# DESCRIPTION OF THE TASK:
Print the listing exactly as it stands, and skip any pictures in it.
[Opening RECORDS PROVIDED section]
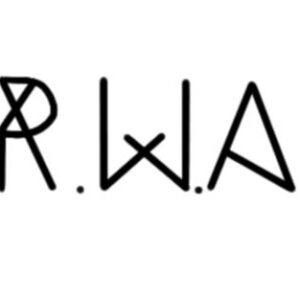 ROPA RWA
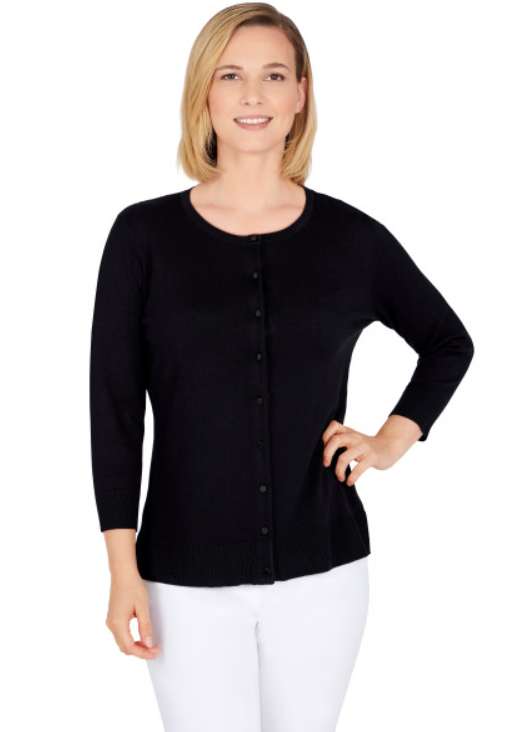 Emaline 92860 Cardigan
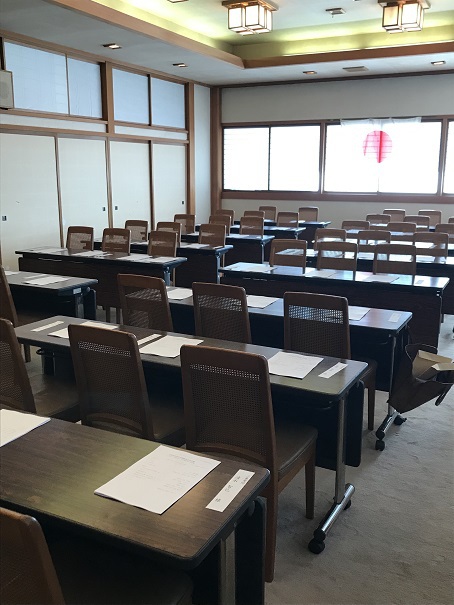 「一週間の振り返り」【02.10-02.15】～体調不良～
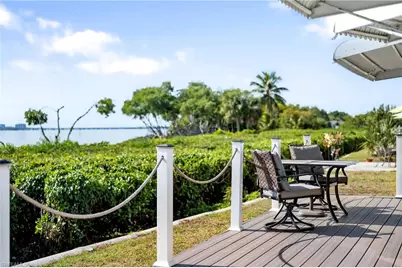 5546 Adam Dr, North Fort Myers, FL 33917 - Photo 21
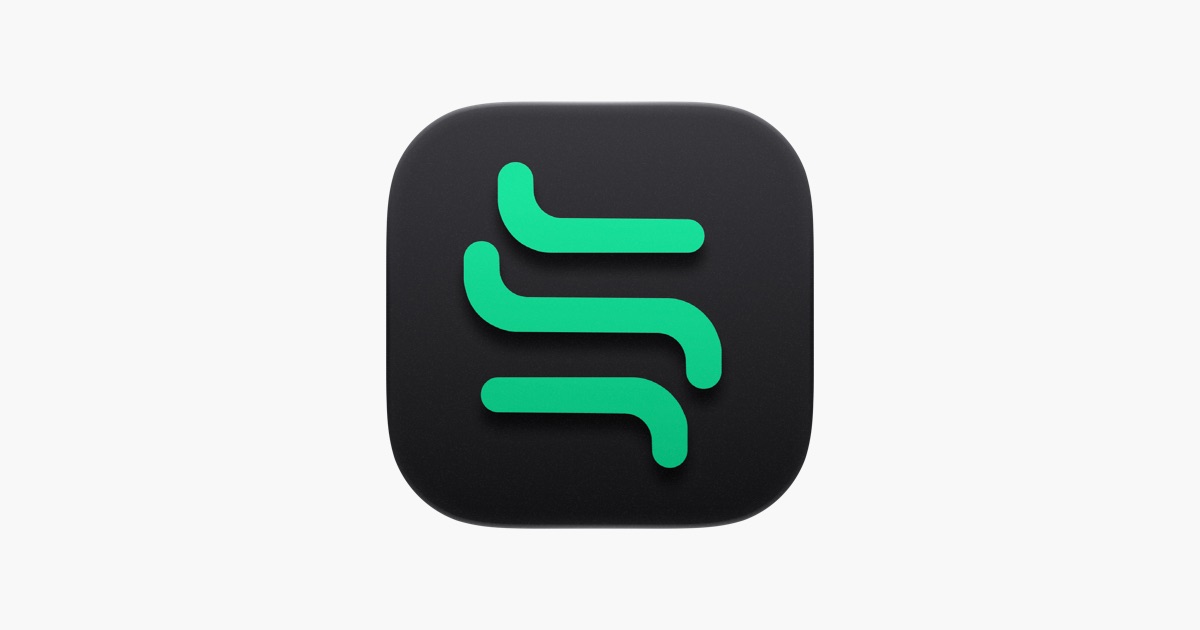 ‎Stem Split - AI Vocal Remover App - App Store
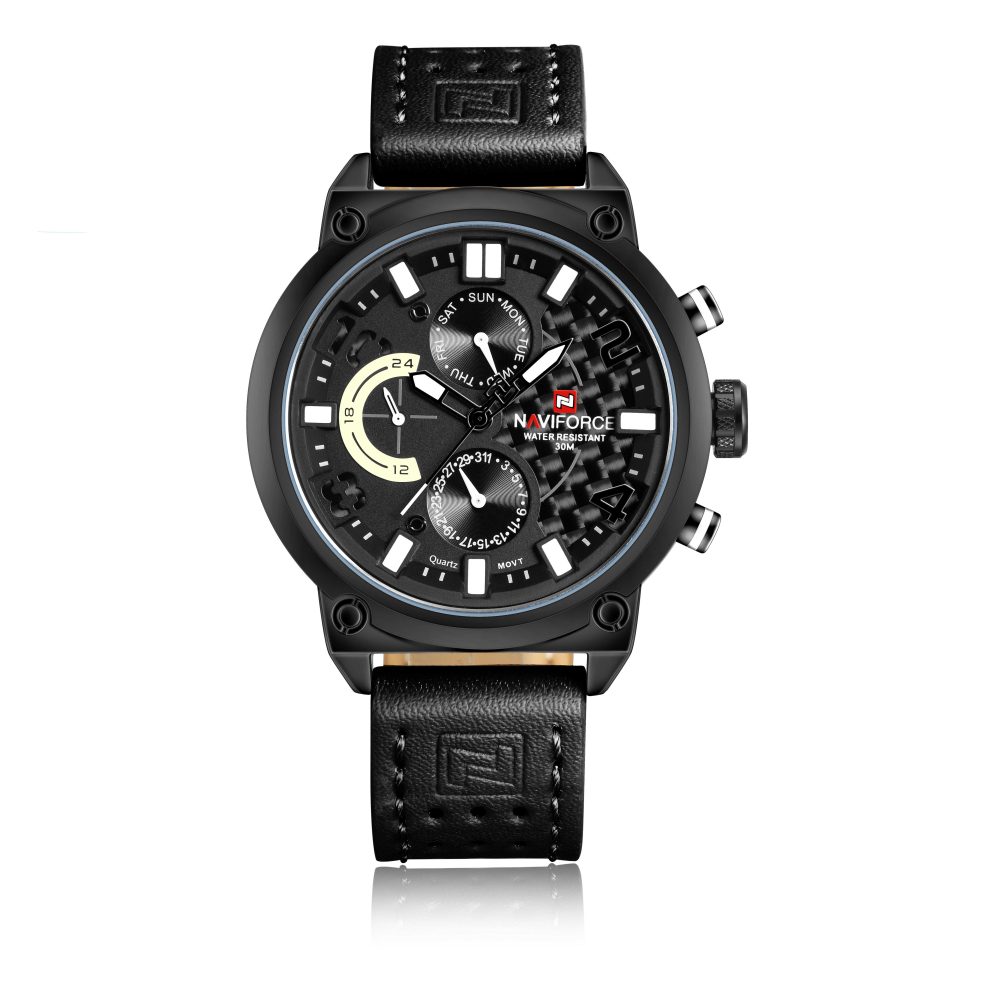 New Automatic Mechanical Watches For Men - Image 4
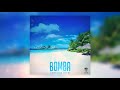 LbenjBomba Official Audio mp3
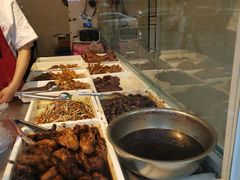 -红星兔丁(东风大桥店)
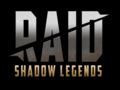 Raid Shadow Legends cashback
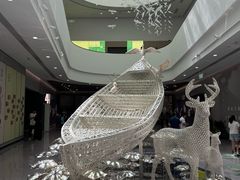 -中国湿地博物馆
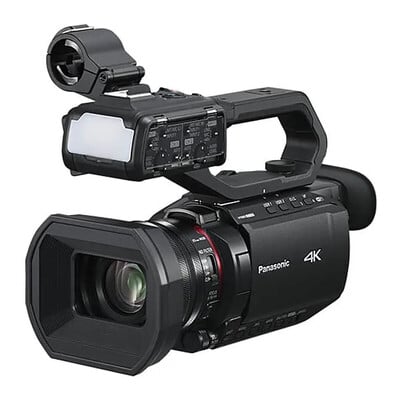 AG-CX20 (アウトレット)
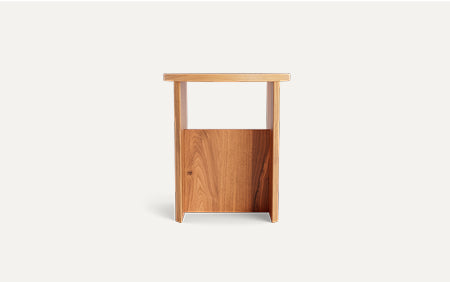 Stools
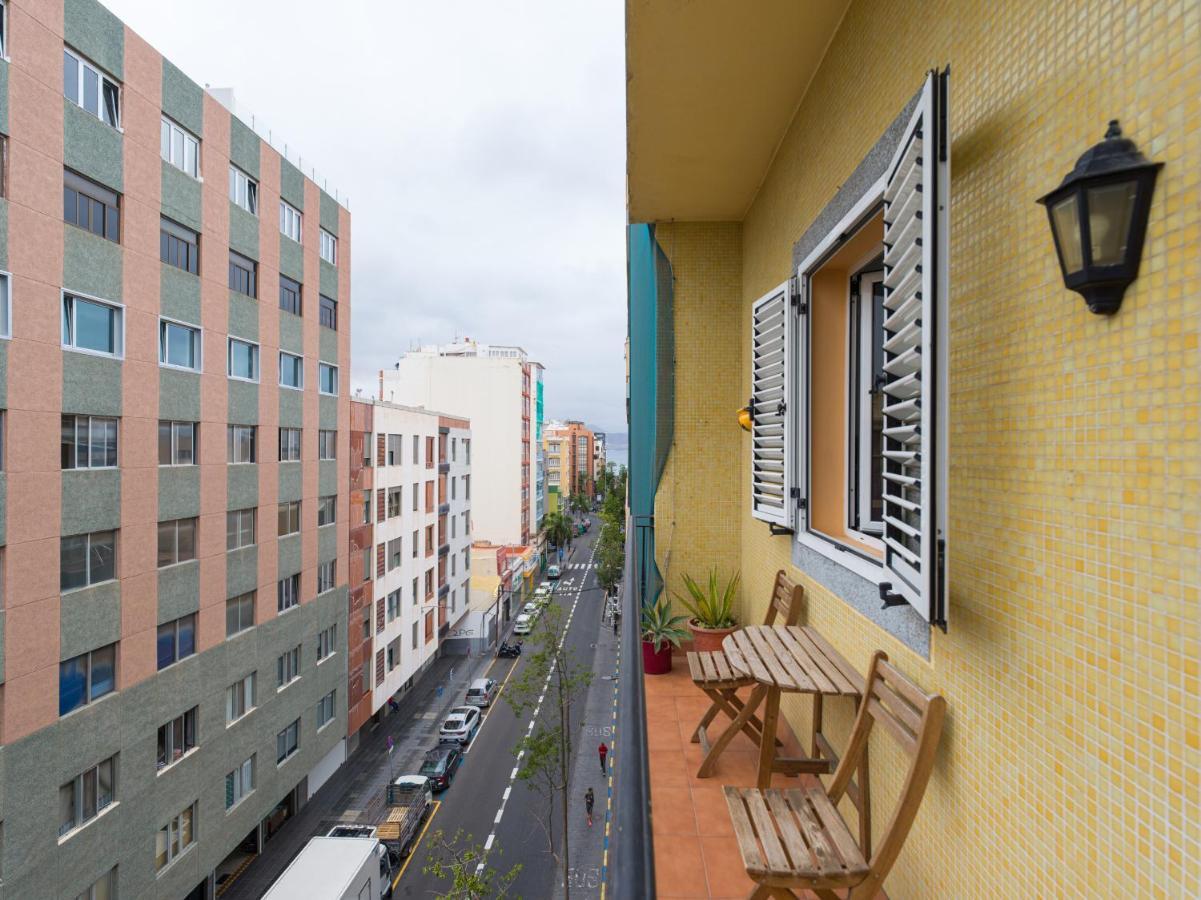 Holiday home Rejon By Canariasgetaway *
[Closing RECORDS PROVIDED section]
# EXERCISE OUTPUT:
 ROPA RWA
 Emaline 92860 Cardigan
 「一週間の振り返り」【02.10-02.15】～体調不良～
 5546 Adam Dr, North Fort Myers, FL 33917 - Photo 21
 ‎Stem Split - AI Vocal Remover App - App Store
 New Automatic Mechanical Watches For Men - Image 4
 LbenjBomba Official Audio mp3
 -红星兔丁(东风大桥店)
 Raid Shadow Legends cashback
 -中国湿地博物馆
 AG-CX20 (アウトレット)
 Stools
 Holiday home Rejon By Canariasgetaway *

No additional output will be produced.